Like some writers I’ve presented here, Tzara was known to me only by reputation, as a name, and that reputation was not only as a founder of Dada, but of being the theorist of its most nihilist and avant-garde wing. Dada as Tzara spoke of it seemed to say: let’s destroy everything, and see what remains. Sounds like a pretty fearsome guy, and from my generation’s punk rebellion in music, his reputation reminded me of the those just past the first wave of punk that bought into a first principle of denigrating everything that came before. That could be a useful corrective, a way to clear the creative mind from everything you feel has come to a dead end, whether it was “Tales of Topographic Oceans” or Tennyson; the horrors of WWI or the denigrations of Reagan and Thatcher. Such a stance, pure as it is, has dangers of discarding the baby with the bain-eau.
Tzara also provoked with ideas like his “How to Make a Dada Poem:”
Take a newspaper
Take some scissors.
Choose from this paper an article the length you want to make your poem.
Cut out the article.
Next carefully cut out each of the words that make up this article and put them all in a bag.
Shake gently.
Next take out each cutting one after the other.
Copy conscientiously in the order in which they left the bag.
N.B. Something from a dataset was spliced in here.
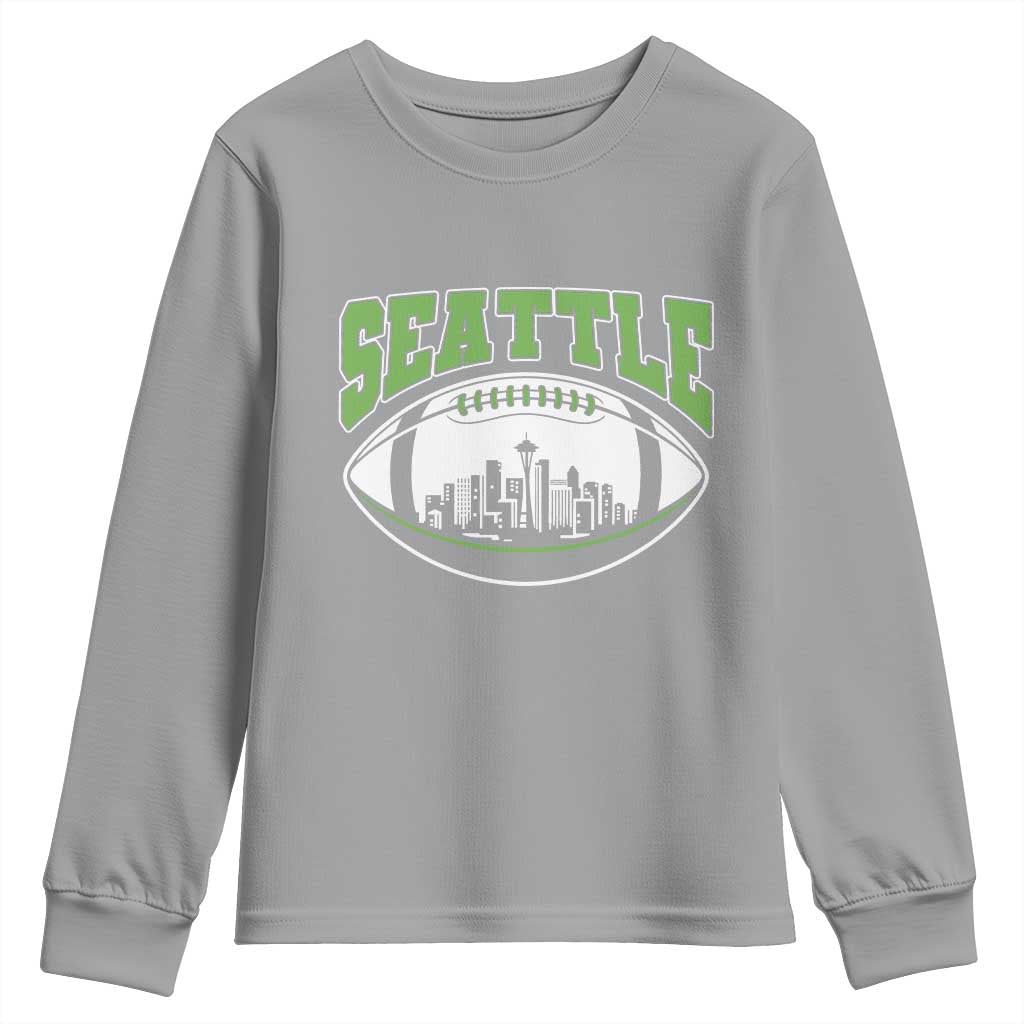 Seattle City Skyline Football Graphic Youth Sweatshirt Sports Fan Game Day Pride TS02 Sport Gray Print Your Wear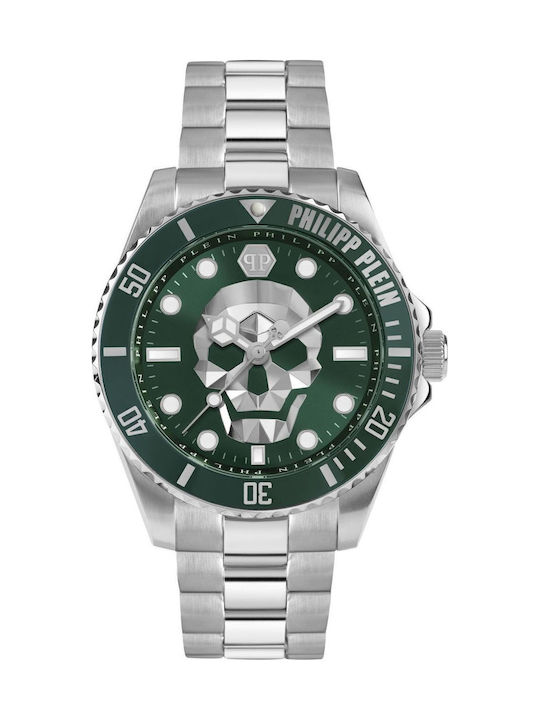 Philipp Plein The $kull Men's Watch 44mm Battery with Silver Metal Bracelet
The poem will resemble you.
And there you are–an infinitely original author of charming sensibility, even though unappreciated by the vulgar herd.
One can read this and miss the satire in it (particularly that last line); or one can read this laughing, and miss the value in this practice, variations of which were carried out throughout the rest of the 20th Century by Surrealists and Beats and unclassifiable modernists like John Cage. I, myself, independently discovered an analogous method as a teenager, and composing pieces by randomly opening a dictionary and blindly pointing with a finger at word after word. And Tzara did publish pieces that seemed to be just such an assemblage of words and phrases, for example “Bilan.”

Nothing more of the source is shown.